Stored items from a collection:
━━━━━━━━━━━━━━━━━━━━━━━━━━━━━━

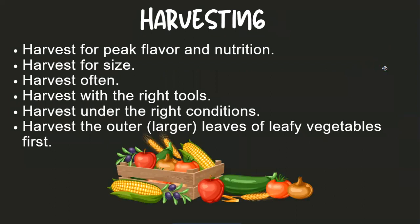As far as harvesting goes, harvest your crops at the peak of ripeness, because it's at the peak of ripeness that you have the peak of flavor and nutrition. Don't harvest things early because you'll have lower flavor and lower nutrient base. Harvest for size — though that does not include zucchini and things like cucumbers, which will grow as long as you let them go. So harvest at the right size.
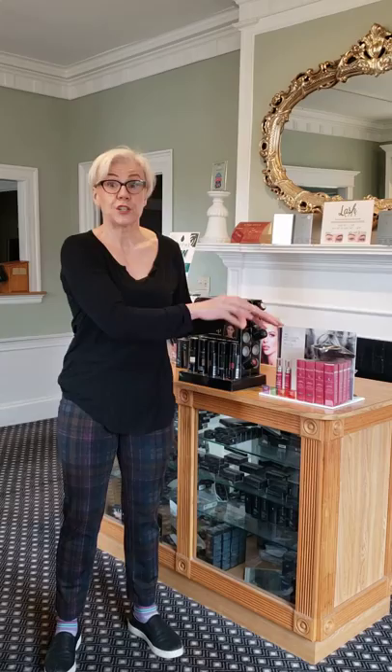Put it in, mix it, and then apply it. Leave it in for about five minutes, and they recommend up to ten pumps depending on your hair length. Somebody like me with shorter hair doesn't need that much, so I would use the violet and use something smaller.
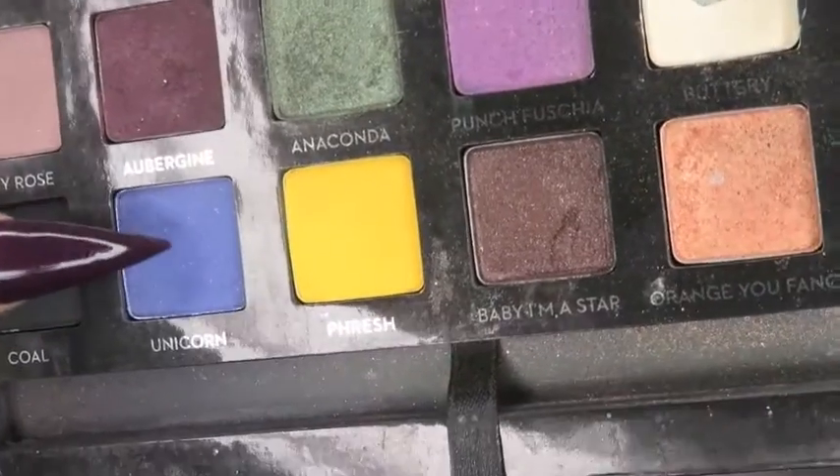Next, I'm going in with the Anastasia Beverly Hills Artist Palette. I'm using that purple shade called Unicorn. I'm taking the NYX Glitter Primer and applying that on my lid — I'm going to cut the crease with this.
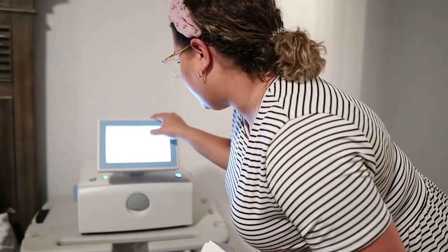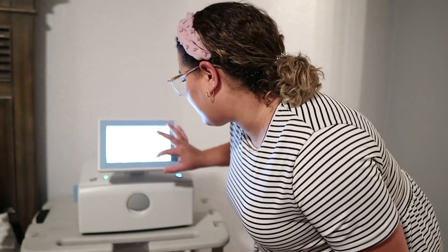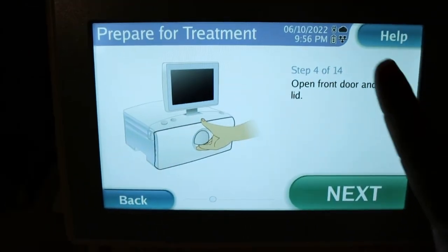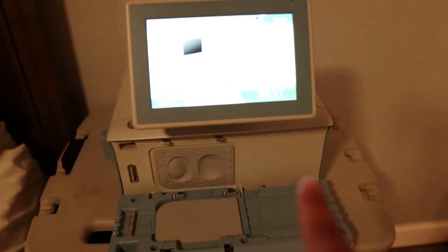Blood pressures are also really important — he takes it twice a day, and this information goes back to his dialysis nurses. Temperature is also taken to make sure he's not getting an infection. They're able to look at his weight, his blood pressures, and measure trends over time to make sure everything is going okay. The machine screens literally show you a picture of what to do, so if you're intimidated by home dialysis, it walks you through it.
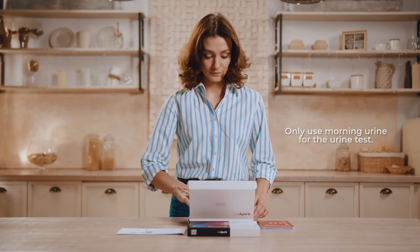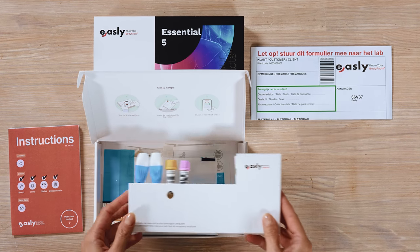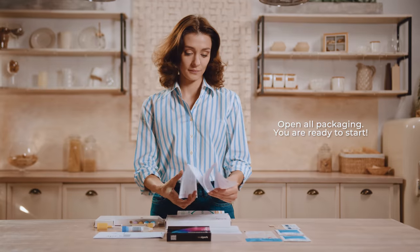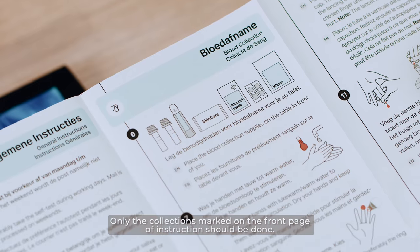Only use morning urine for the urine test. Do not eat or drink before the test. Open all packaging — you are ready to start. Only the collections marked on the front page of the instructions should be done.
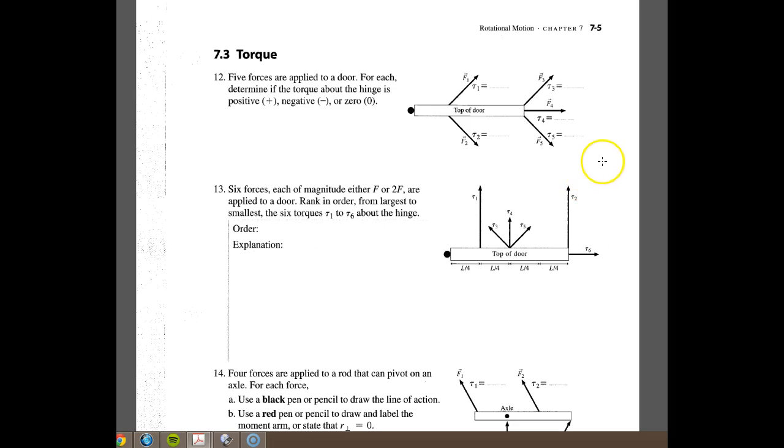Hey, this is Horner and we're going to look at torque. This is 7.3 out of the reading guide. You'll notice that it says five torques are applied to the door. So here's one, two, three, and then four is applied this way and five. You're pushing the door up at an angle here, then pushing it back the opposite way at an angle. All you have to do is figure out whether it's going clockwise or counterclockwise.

━━━━━━━━━━━━━━━━━━━━━━━━━━━━━━

WHAT IS BEING ASKED -> Copy every line of the data exactly as written, excluding the pictures.

ANSWER FOR THE TASK ->
As far as harvesting goes, harvest your crops at the peak of ripeness, because it's at the peak of ripeness that you have the peak of flavor and nutrition. Don't harvest things early because you'll have lower flavor and lower nutrient base. Harvest for size — though that does not include zucchini and things like cucumbers, which will grow as long as you let them go. So harvest at the right size.
Put it in, mix it, and then apply it. Leave it in for about five minutes, and they recommend up to ten pumps depending on your hair length. Somebody like me with shorter hair doesn't need that much, so I would use the violet and use something smaller.
Next, I'm going in with the Anastasia Beverly Hills Artist Palette. I'm using that purple shade called Unicorn. I'm taking the NYX Glitter Primer and applying that on my lid — I'm going to cut the crease with this.
Blood pressures are also really important — he takes it twice a day, and this information goes back to his dialysis nurses. Temperature is also taken to make sure he's not getting an infection. They're able to look at his weight, his blood pressures, and measure trends over time to make sure everything is going okay. The machine screens literally show you a picture of what to do, so if you're intimidated by home dialysis, it walks you through it.
Only use morning urine for the urine test. Do not eat or drink before the test. Open all packaging — you are ready to start. Only the collections marked on the front page of the instructions should be done.
Hey, this is Horner and we're going to look at torque. This is 7.3 out of the reading guide. You'll notice that it says five torques are applied to the door. So here's one, two, three, and then four is applied this way and five. You're pushing the door up at an angle here, then pushing it back the opposite way at an angle. All you have to do is figure out whether it's going clockwise or counterclockwise.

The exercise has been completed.